It's been exactly a month since Sanofi-Aventis dribbled out the news on a Friday evening that the Food and Drug Administration had decided not to allow the much anticipated weight-loss drug Acomplia (rimonabant) to be sold in the United States until certain unspecified conditions are met.
One month later, we know little more about those unspecified conditions -- or what might be involved for Sanofi in trying to meet them. The French pharmaceutical giant has successfully kept any details from leaking about the FDA letter setting out the reasons why it was delaying action on Acomplia.
This tight control of information is something politicians dream about -- not an easy trick for a diverse multinational company. But sources say Sanofi's management in Paris has shared little information about the FDA's concerns about Acomplia with executives in the company's American operating units.

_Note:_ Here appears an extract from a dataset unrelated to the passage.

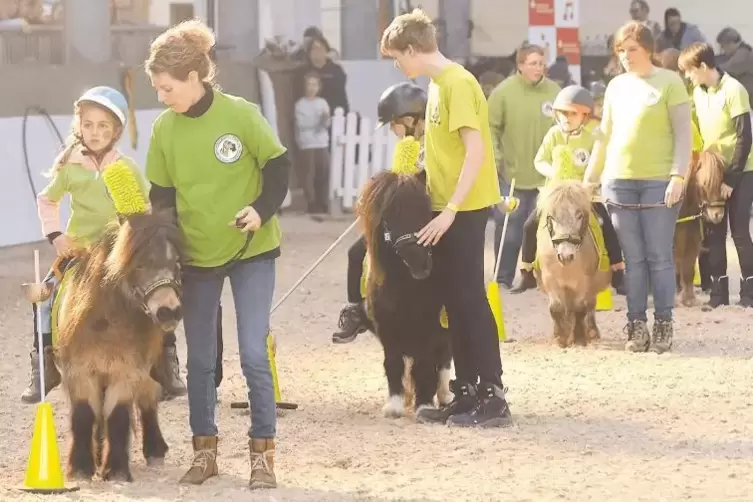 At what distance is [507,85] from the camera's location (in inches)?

Sanofi only has told analysts it still expects to have Acomplia approved and on sale in the United States as a weight-loss medication in the second half of this year (fat chance, in our view, given Sanofi's unwillingness to shed any light on the holdup), and has said the FDA is not seeking any additional clinical trials as a precondition to approval for weight management.
But at this point, a month later, we do not even know for sure whether Sanofi has had a follow-up meeting with the FDA, and, if so, how it went.
Veteran FDA observers speculate that if Sanofi has had a follow-up meeting with the agency to discuss the Acomplia "dossier," and the meeting went well, we would already have heard the good news. So the lack of any news does not lend itself to speculation that FDA approval of Acomplia is around the corner.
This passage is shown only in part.